Iran: Mousavi addresses protesters

In defiance of a government crackdown following Mahmoud Ahmadinejad’s re-election, Mir Hossein Mousavi has told a protest rally he is ready to stand in a new election
Defeated reformist candidate Mir Hossein Mousavi has appeared at an opposition rally against the results of Friday's presidential elections. He told a crowd of tens of thousands of supporters that he was ready to take part in a new poll.
"The vote of the people is more important than Mousavi or any other person," Mousavi (pictured above, arms raised) told his green-clad supporters from the roof of his car.
The protest against hardline President Mahmoud Ahmadinejad's re-election took place in Tehran's Revolution Square. People chanted: "Mousavi we support you. We will die, but retrieve our votes," in defiance of reports that militias had been authorised to use live rounds on protestors.
This was Mousavi's first public appearance since Friday's disputed elections. He has claimed that only widespread electoral fraud can explain the results of Friday's poll, when Ahmadinejad apparently won by 63 per cent to 34 per cent.

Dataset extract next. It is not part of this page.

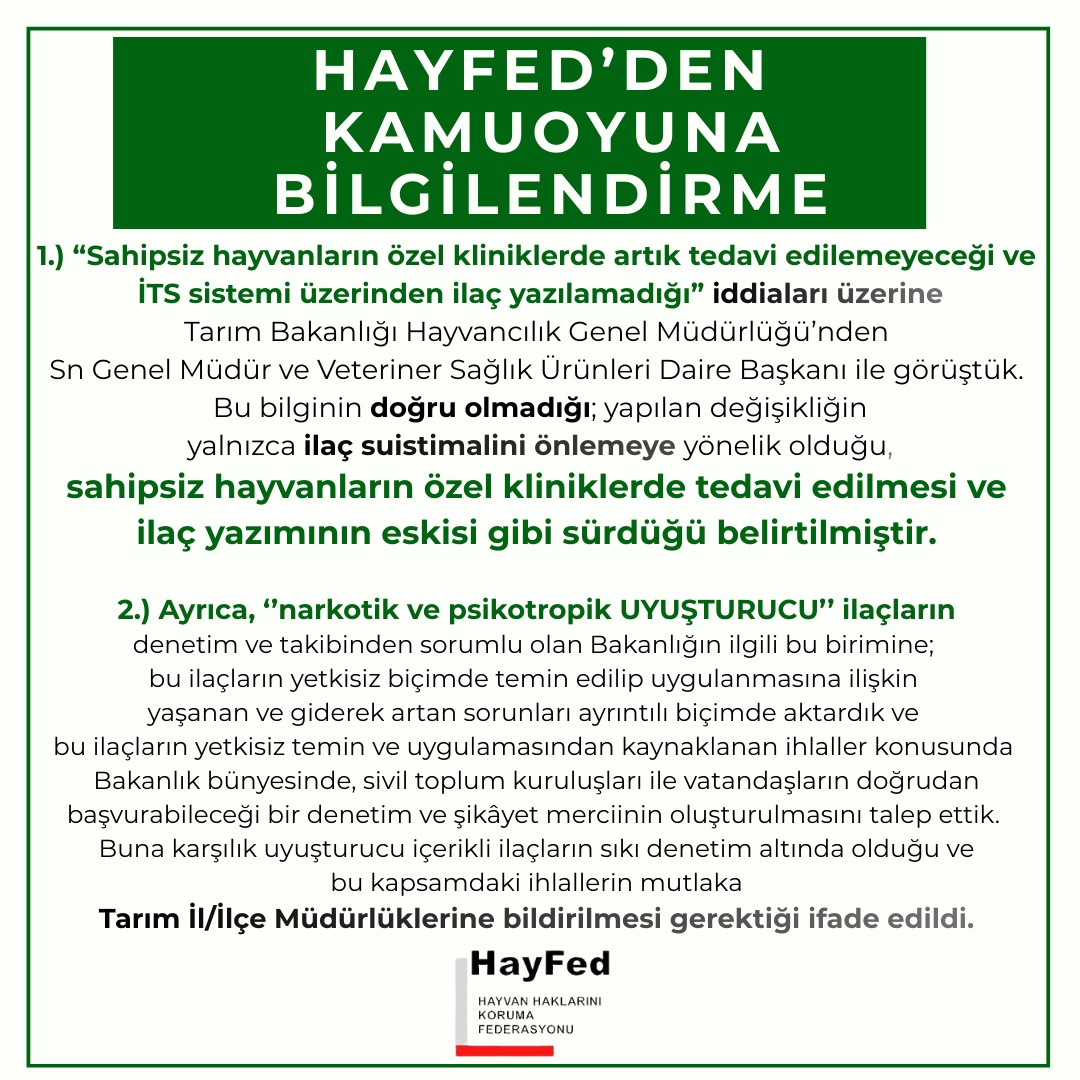 "Sahipsiz hayvanların özel kliniklerde artık tedavi edilemeyeceği ve İTS sistemi üzerinden ilaç yazılamayacağı"iddiaları üzerine Bakanlığa bağlı Sn Genel md. ve Veteriner Sağlık Ürünleri Daire Bşk ile görüştük.Bilgilendirme aşağıdadır.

Meanwhile, the US vice-president Joe Biden said on NBC's Meet the Press yesterday that there were "real doubts" about the outcome of the election.
Several of Mousavi's seniors aides have been arrested by police, and western reporters in Tehran have witnessed many beatings of pro-Mousavi protestors by riot police and plain-clothes officers, backed by stick-wielding basiji, the paramilitary volunteers who operate as licensed thugs. Ian Black of the Guardian watched a basiji chase a man into the middle of a traffic jam and beat him repeatedly with an iron bar.

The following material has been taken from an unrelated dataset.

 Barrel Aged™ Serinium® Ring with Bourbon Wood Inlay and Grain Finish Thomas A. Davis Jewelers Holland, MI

A 21-year-old student told Black: "For years Iranian TV has shown Israeli forces attacking innocent people in Palestine. But these riot police are more brutal than them."

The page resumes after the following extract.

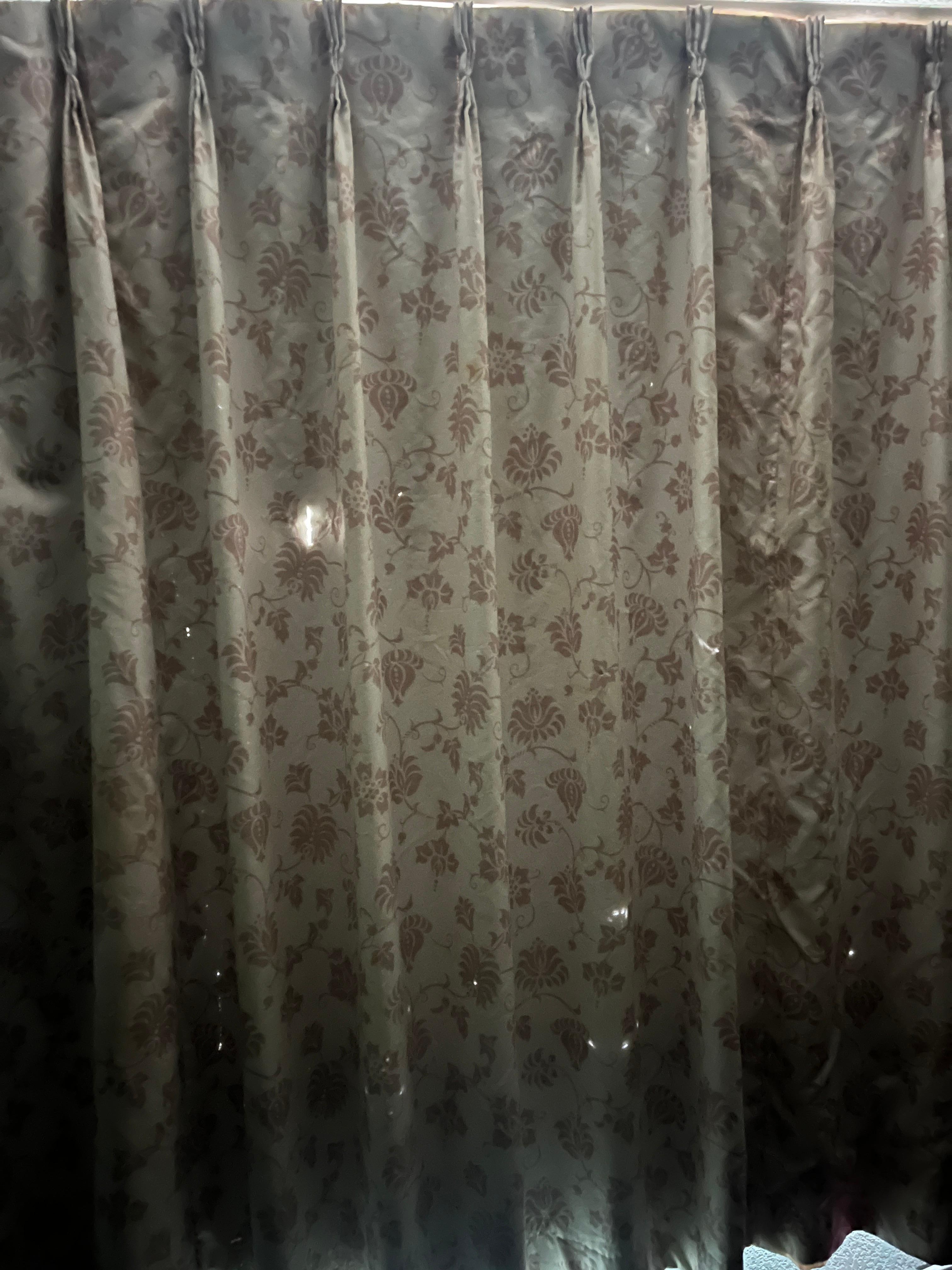 Icky shower curtain covering icky bathroom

The BBC's John Leyne reported this morning on the Today programme that many people were still out on the streets and rooftops crying "death to the dictator", thus directing their protest not only at Ahmadinejad but at the supreme leader, Ayatollah Ali Khamenei. That, said Leyne, is a challenge to the whole basis of the Islamic Republic.
The Associated Press has reported that Mousavi - who apparently has not been arrested, despite veiled threats from Ahmadinejad - has asked Iran's 'guardian council', a group of 12 senior clerics, to annul the election result and has met privately with Ayatollah Khamenei to seek his support for the annulment. Today, state television reported that Khamenei had asked the guardian council to "precisely consider" the complaints.
At a victory rally in Tehran on Sunday, Ahmadinejad denied the vote was rigged and dismissed the unrest as "passions after a soccer match". Iranians were united, he claimed, but with 40 million people taking part in the election it was natural for some to be disappointed.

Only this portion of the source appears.